> **Problem to solve**
Leave every image behind and restate the data word for word.

> **Dataset content**
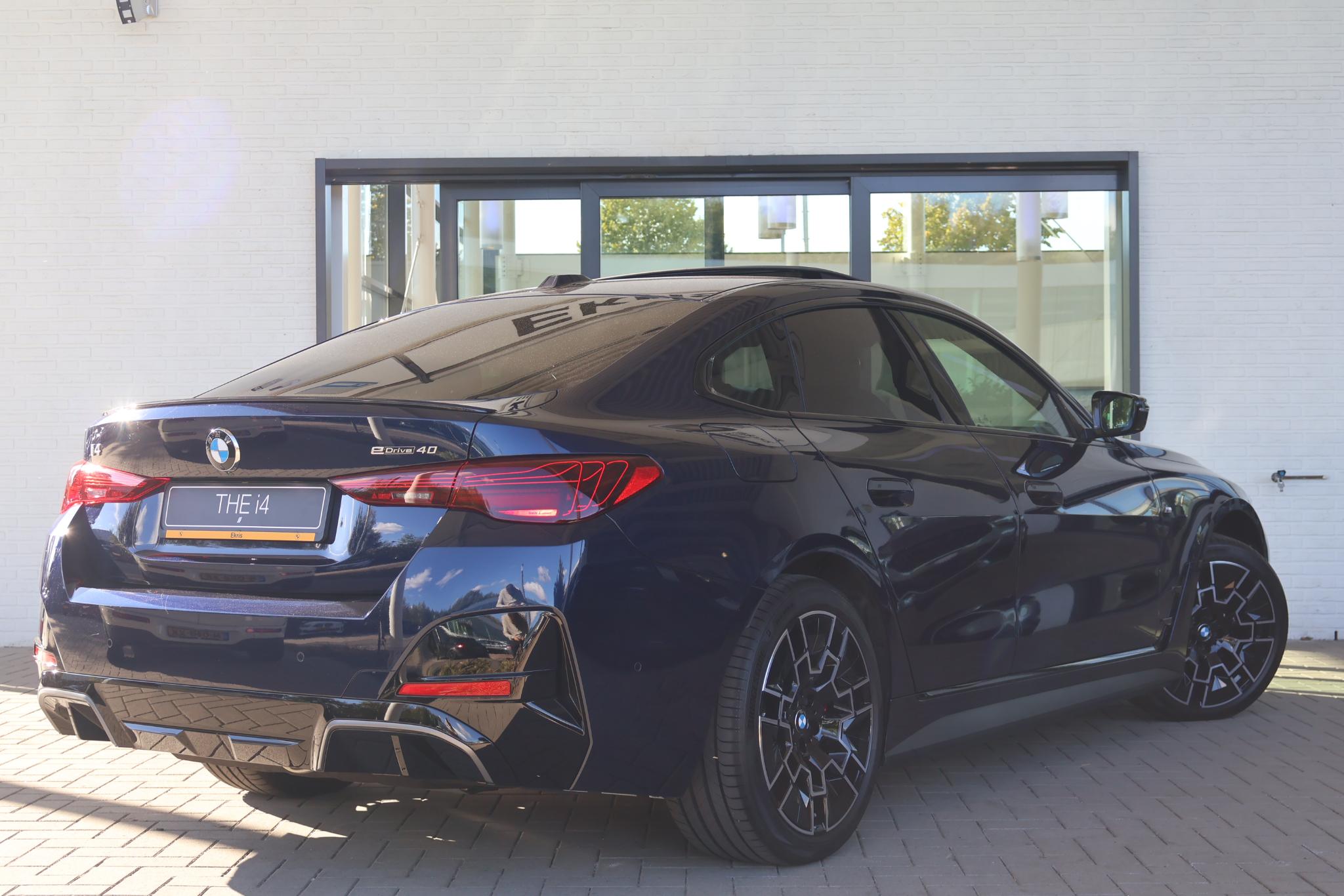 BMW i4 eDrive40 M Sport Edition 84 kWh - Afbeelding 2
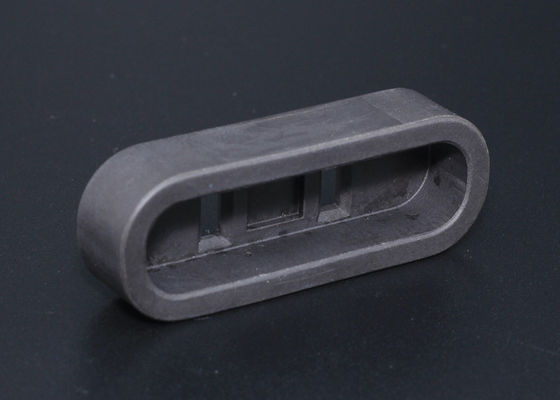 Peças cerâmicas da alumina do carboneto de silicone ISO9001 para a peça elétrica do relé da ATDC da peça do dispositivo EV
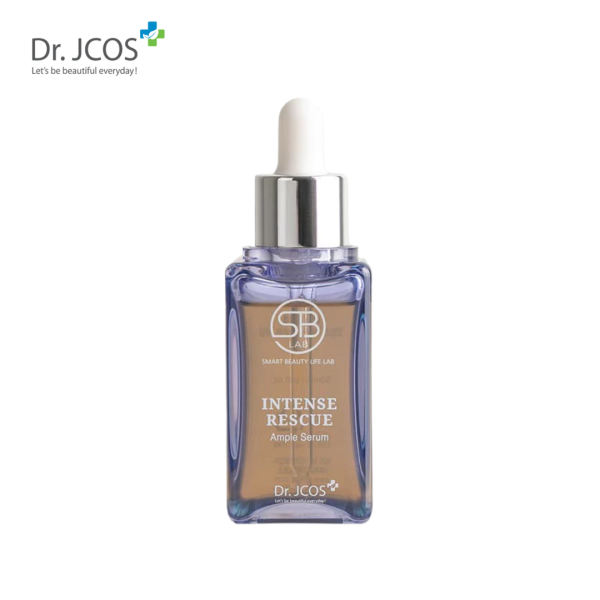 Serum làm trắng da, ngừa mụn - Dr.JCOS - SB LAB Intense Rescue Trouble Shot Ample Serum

> **Exercise solution**
 BMW i4 eDrive40 M Sport Edition 84 kWh - Afbeelding 2
 Peças cerâmicas da alumina do carboneto de silicone ISO9001 para a peça elétrica do relé da ATDC da peça do dispositivo EV
 Serum làm trắng da, ngừa mụn - Dr.JCOS - SB LAB Intense Rescue Trouble Shot Ample Serum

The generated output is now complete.